Struphy model base class#

class struphy.models.base.StruphyModel[source]#

Bases: object

Abstract base class for all Struphy models.

This class defines the interface for plasma simulation models in Struphy. Concrete implementations must specify the model type (Fluid, Kinetic, Hybrid, or Toy), define propagators for time integration, and configure species (field, fluid, particle, and diagnostic). The class provides core functionality for managing species, scalar quantities, time integration, and particle diagnostics.

Variables:

  • species (dict) – Dictionary of all species (field, fluid, and particle) in the model.

  • field_species (dict) – Dictionary of field species in the model.

  • fluid_species (dict) – Dictionary of fluid species in the model.

  • particle_species (dict) – Dictionary of particle species in the model.

  • diagnostic_species (dict) – Dictionary of diagnostic species in the model.

  • scalars (Scalars or None) – Scalar quantities to be tracked and saved during simulation.

  • prop_list (list) – List of propagator objects controlling time integration.

  • clone_config (CloneConfig or None) – Configuration for domain clones if used in parallelization.

  • subclasses) (Abstract Methods (must be implemented by)

  • ----------------------------------------------------

  • model_type (classmethod) – Must return one of “Fluid”, “Kinetic”, “Hybrid”, or “Toy”.

  • bulk_species (property) – Must specify the dominant plasma species.

  • velocity_scale (property) – Must return velocity scale: “alfvén”, “cyclotron”, “light”, or “thermal”.

  • allocate_helpers (method) – Must allocate helper arrays and perform initial solves.

  • Propagators (class) – Must define the propagators used for time integration.

  • __init__ (method) – Must perform a light-weight initialization of the model.

Notes

All Struphy models must be subclasses of StruphyModel and should be added to struphy/models/ in one of the modules: fluid.py, kinetic.py, hybrid.py, or toy.py.

Time integration is performed by calling the integrate() method with a time step and splitting algorithm (Lie-Trotter or Strang).
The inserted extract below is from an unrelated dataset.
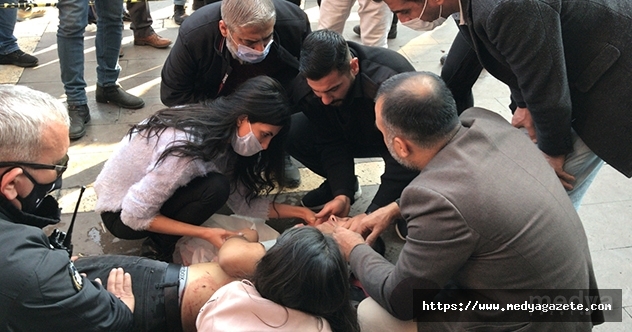 Adana&#039;da kavgada bıçaklanan 2 kardeş ağır yaralandı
The model manages the execution of all propagators in sequence to advance the simulation state.

Species management is handled automatically through property caching. Species attributes are discovered at runtime and categorized by type.

Examples

Subclasses should implement:

class MyFluidModel(StruphyModel):
    @classmethod
    def model_type(cls):
        return "Fluid"

    @property
    def bulk_species(self):
        return self.electrons

    @property
    def velocity_scale(self):
        return "thermal"

    def allocate_helpers(self, verbose=False):
        # Initialize helper arrays
        pass

    class Propagators:
        # Define propagators
        pass
abstract classmethod model_type() Literal['Toy', 'Kinetic', 'Fluid', 'Hybrid'][source]#

Model type (Fluid, Kinetic, Hybrid, or Toy)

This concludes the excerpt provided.